# DATA TO EXAMINE
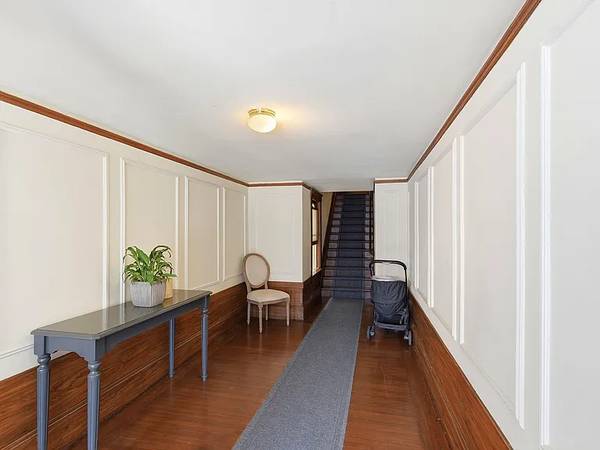 Others on 29th St Unit 380 29th Street · San Francisco photo 2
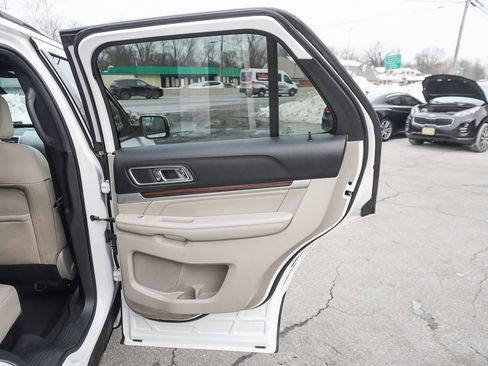 Used 2018 Ford Explorer Limited w/ Equipment Group 301A image 32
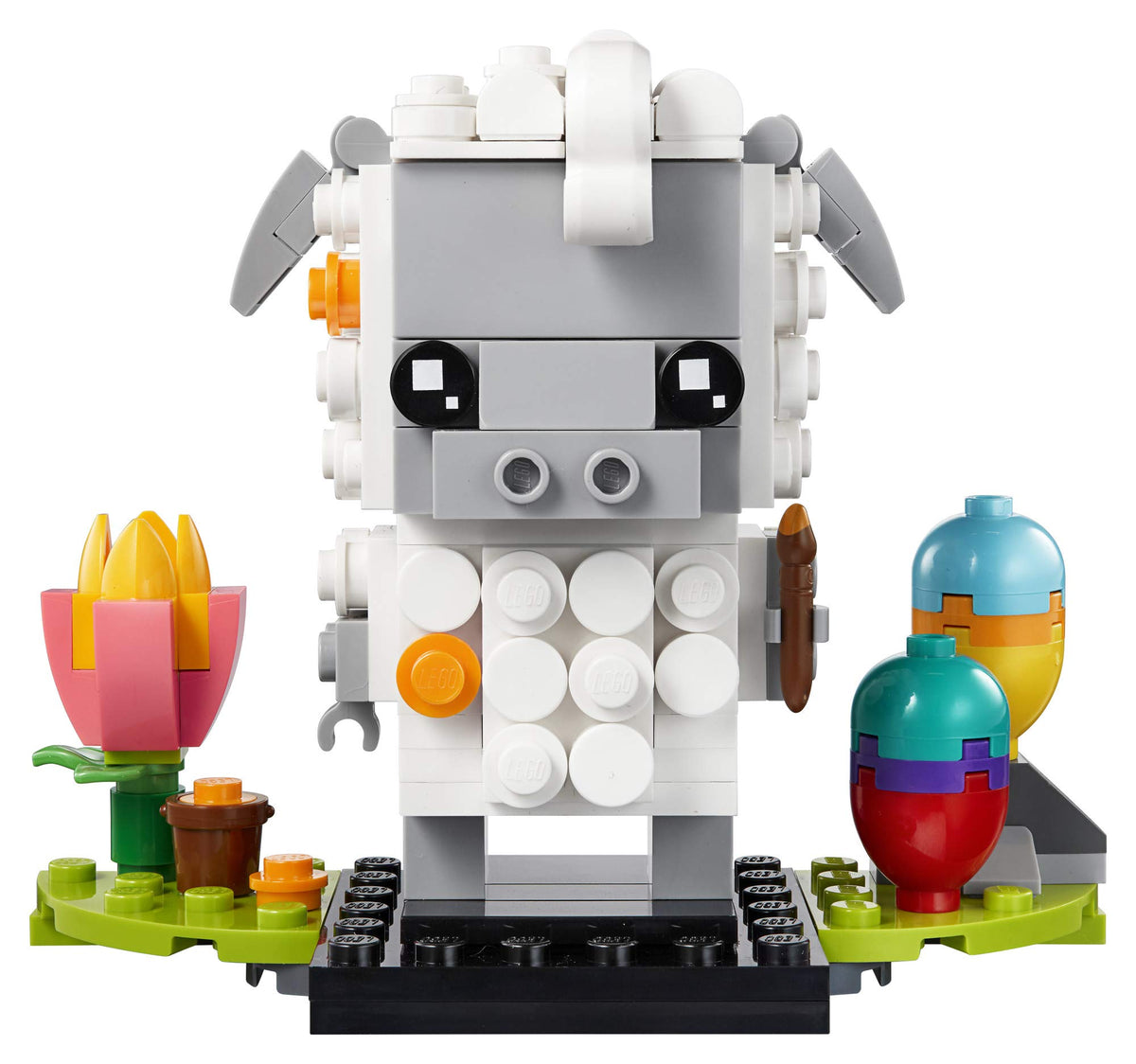 LEGO BrickHeadz Easter Sheep painting eggs with brush, a charming crafting companion.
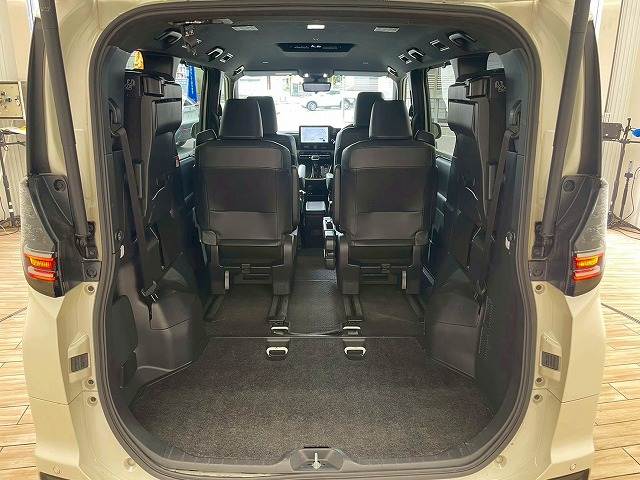 トヨタ ヴォクシーの画像14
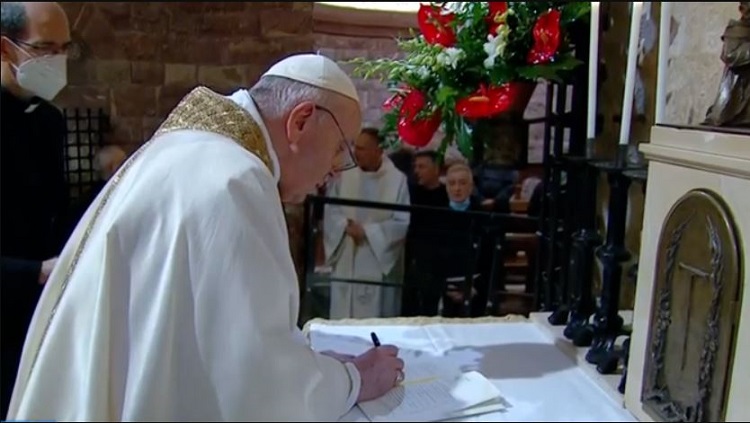 El papa Francisco firmó la encíclica "Fratelli tutti"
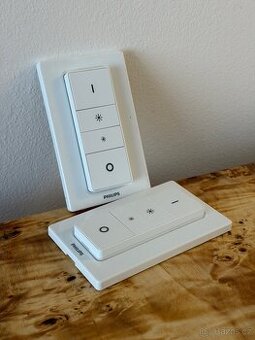 Philips Hue Dimmer Switch v1 (324131137411)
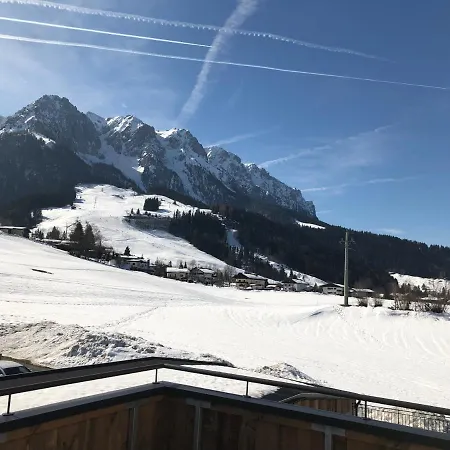 Appartement Luxus Living 9 *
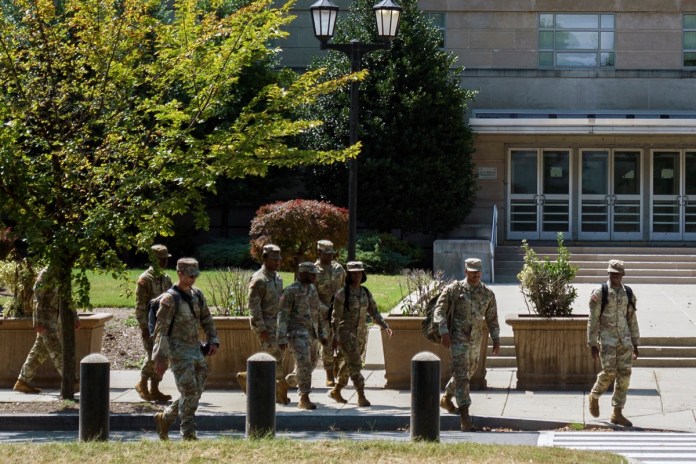 Miembros de la Guardia Nacional en Washington desplegados por órdenes de Trump. Foto La Hora: EFE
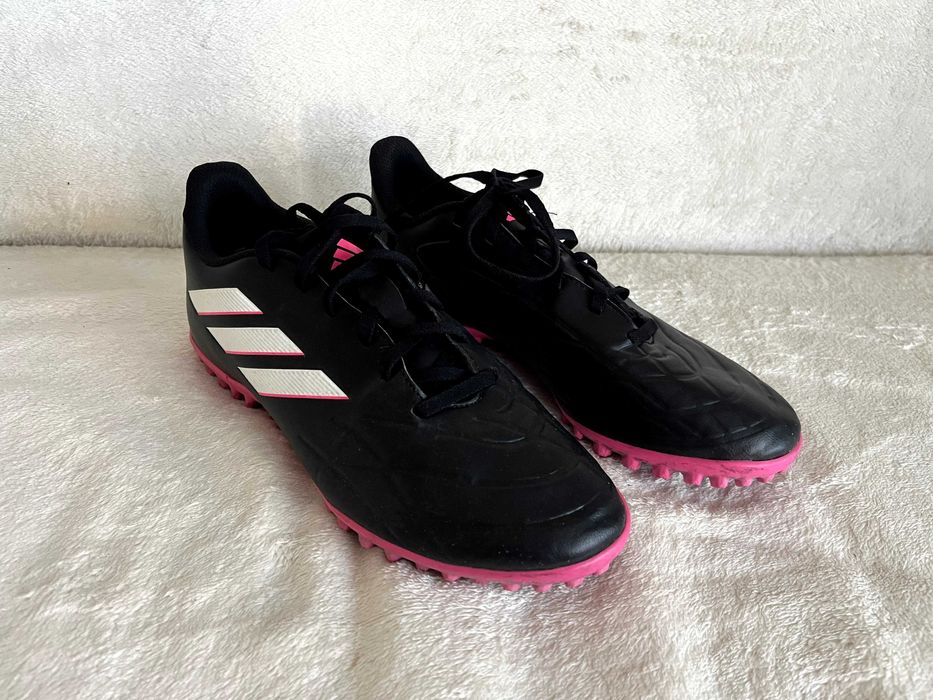 Ghete Fotbal Adidas Copa, Mărimea 42 2/3 (27 cm), crampoane roz, ca noi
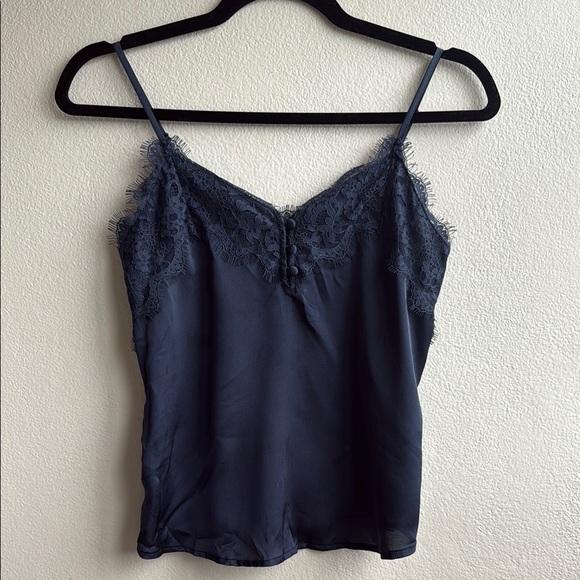 Set of 3- Elegant Lace Striped Cami Top - Picture 6 of 11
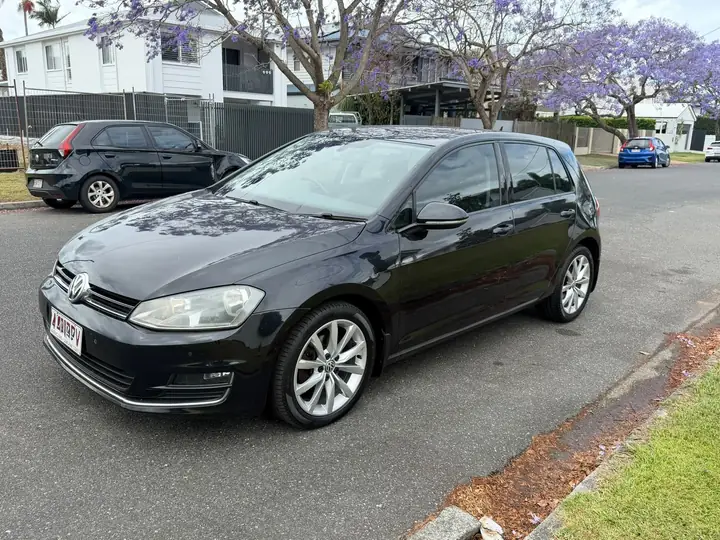 Front three-quarter view of the black 2014 Volkswagen Golf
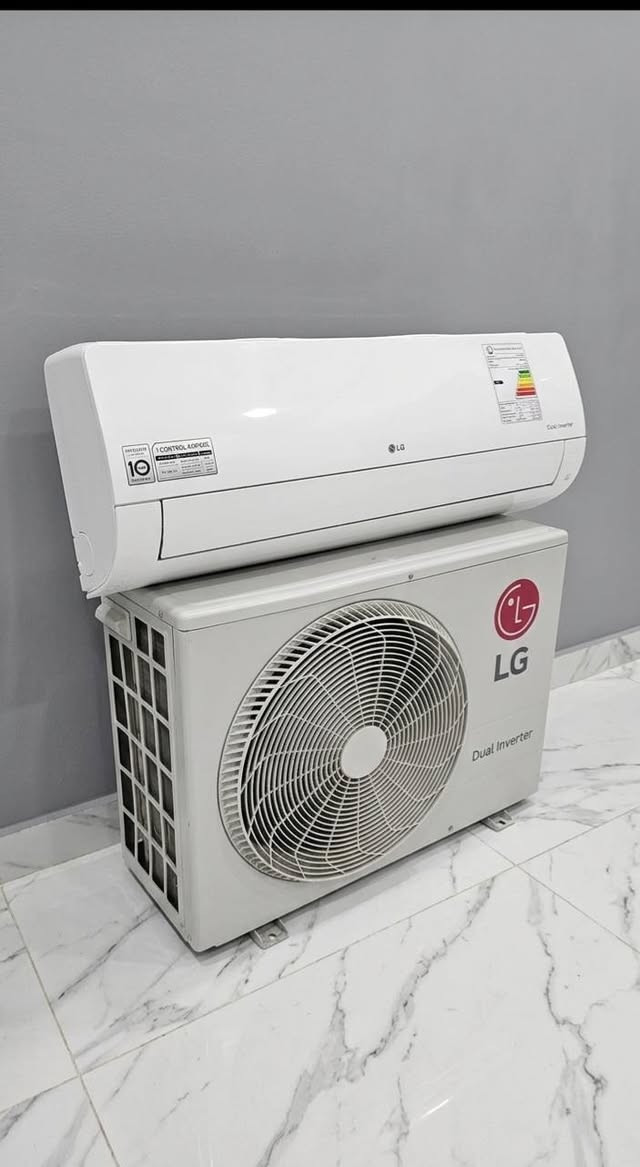 للبيع سبلت LG حجم 2 طن بحالة ممتازة، 
مناسب للأجواء العراقية الحارة.
✅ المواصفات:

* 📌 الماركة: LG انفيرتر تحكم امبير 
*📌 يعمل على 4 و6 و8 امبير 
* 📌 سعة التبريد: 24000 BTU (2 طن)
*📌سعه التدفئة BTU 23000
* 📌 غاز التبريد: R410A
* 📌 كهرباء: 220-240V / 50Hz
* 📌 هادئ أثناء التشغيل
* 📌 صناعة تايلندي اصلي 

❄️ تبريد سريع وأداء ثابت، مناسب للبيوت والمكاتب والقاعات.

مع كامل ملحقاته بواري ريمونت قاعده وايرات 
غازه مقفول  يعني جاهز من كلشي 

💰 السعر: (650  الف) غير قابل للتفاوض 
📍 الموقع: (بغداد) 
📞 للاستفسار والمراسلة او وتساب
                 ***********
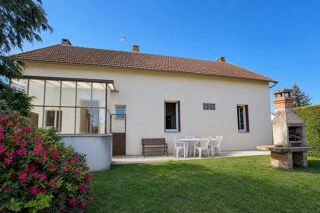  Propriété/château à vendre 5 pièces 136 m²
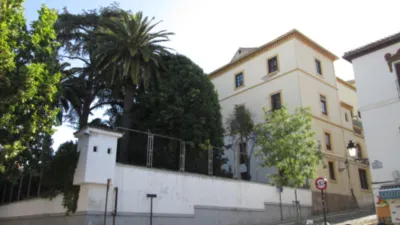 Piso en alquiler en Cuesta de Pernaleros, San Ildefonso (Hospital Real) (Distrito Beiro. Granada Capital) de 650 €<span>/mes</span>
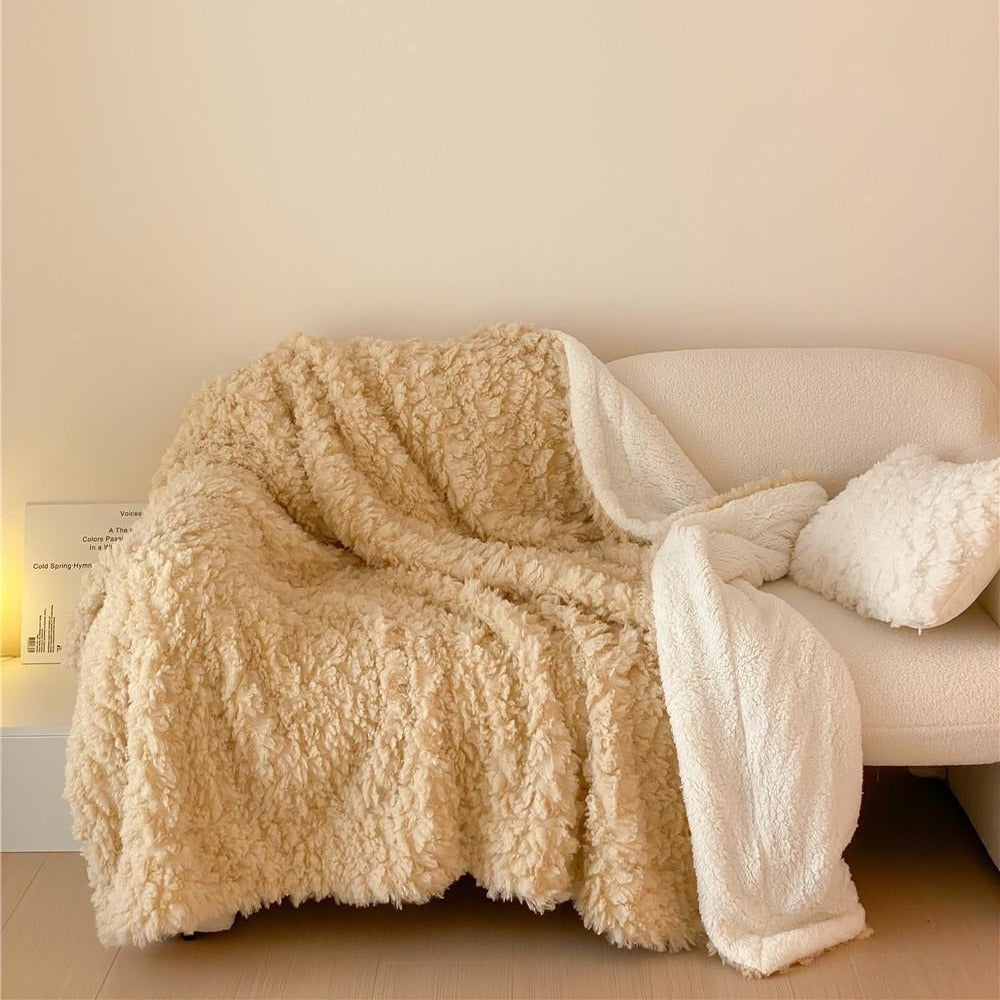 HKM-619411 Soft Cloud Puff Lambswool Blanket – Modern Chenille Design in Two Sizes and Two Colors for All Seasons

# TASK ITEM
From the first line above through the line containing "صناعة تايلندي اصلي", copy everything exactly, without the pictures.

# TASK OUTPUT
 Others on 29th St Unit 380 29th Street · San Francisco photo 2
 Used 2018 Ford Explorer Limited w/ Equipment Group 301A image 32
 LEGO BrickHeadz Easter Sheep painting eggs with brush, a charming crafting companion.
 トヨタ ヴォクシーの画像14
 El papa Francisco firmó la encíclica "Fratelli tutti"
 Philips Hue Dimmer Switch v1 (324131137411)
 Appartement Luxus Living 9 *
 Miembros de la Guardia Nacional en Washington desplegados por órdenes de Trump. Foto La Hora: EFE
 Ghete Fotbal Adidas Copa, Mărimea 42 2/3 (27 cm), crampoane roz, ca noi
 Set of 3- Elegant Lace Striped Cami Top - Picture 6 of 11
 Front three-quarter view of the black 2014 Volkswagen Golf
 للبيع سبلت LG حجم 2 طن بحالة ممتازة، 
مناسب للأجواء العراقية الحارة.
✅ المواصفات:

* 📌 الماركة: LG انفيرتر تحكم امبير 
*📌 يعمل على 4 و6 و8 امبير 
* 📌 سعة التبريد: 24000 BTU (2 طن)
*📌سعه التدفئة BTU 23000
* 📌 غاز التبريد: R410A
* 📌 كهرباء: 220-240V / 50Hz
* 📌 هادئ أثناء التشغيل
* 📌 صناعة تايلندي اصلي 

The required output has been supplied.